[Source data]:
++++
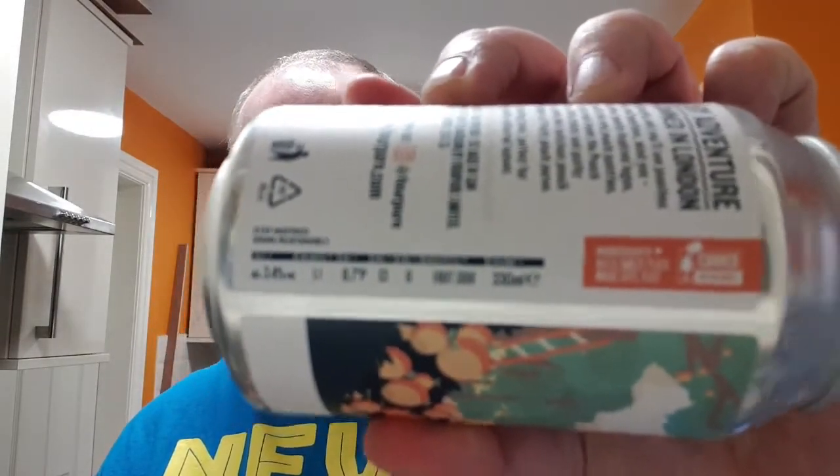I picked it up the week before when I did my large essential big shop. It's a Fourpure beer and it's the Peach State Peach Sour. I haven't seen this anywhere else other than Sainsbury's. I'm sure it cost me a couple of quid — two quid maybe. It's 3.4% ABV. It says it's a fruit sour; all that info is on the can. Canned on the 4th of February, best before the 30th of November.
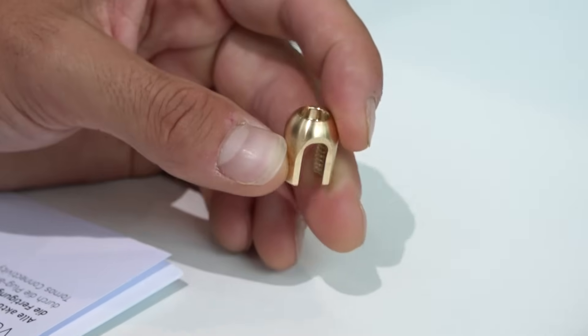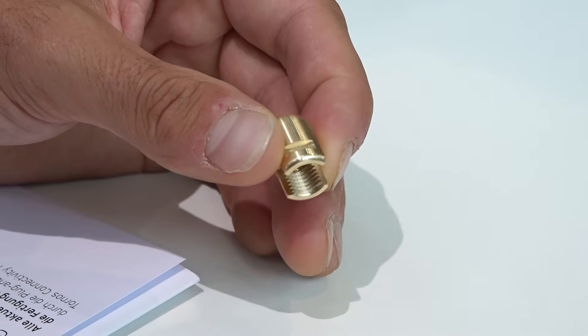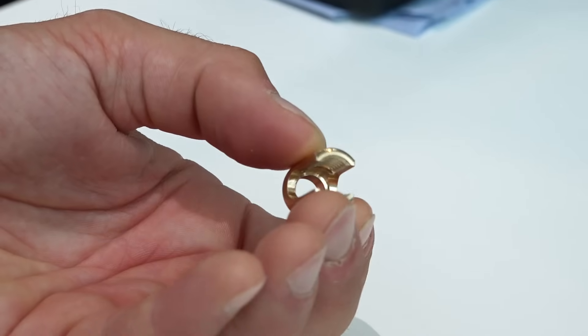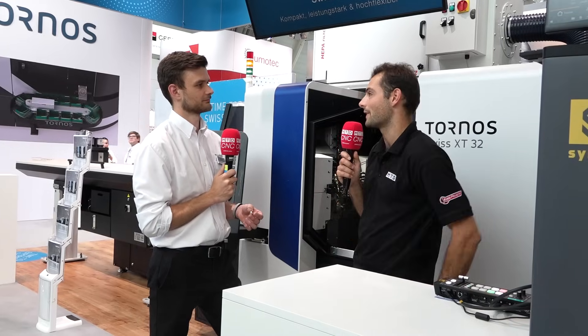On the Tornos stand here, the general theme has been medical components. Tornos machines can be used for lots of different applications, but why medical, and how does this Swiss XT32 machine apply itself so well to a component — a medical component just like this?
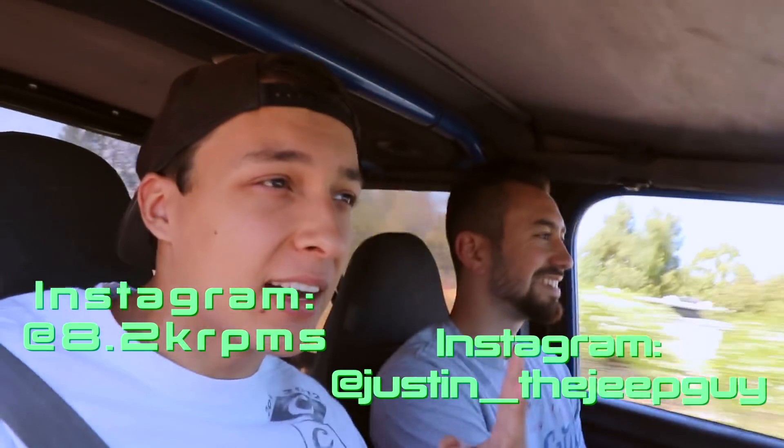It's your two favorite delinquents here. We are going out to one of the cool spots around here. Today we're going to address the big thing about Justin's Jeep.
++++
What is needed is the data above, retyped exactly, with every picture left out.

I picked it up the week before when I did my large essential big shop. It's a Fourpure beer and it's the Peach State Peach Sour. I haven't seen this anywhere else other than Sainsbury's. I'm sure it cost me a couple of quid — two quid maybe. It's 3.4% ABV. It says it's a fruit sour; all that info is on the can. Canned on the 4th of February, best before the 30th of November.
On the Tornos stand here, the general theme has been medical components. Tornos machines can be used for lots of different applications, but why medical, and how does this Swiss XT32 machine apply itself so well to a component — a medical component just like this?
It's your two favorite delinquents here. We are going out to one of the cool spots around here. Today we're going to address the big thing about Justin's Jeep.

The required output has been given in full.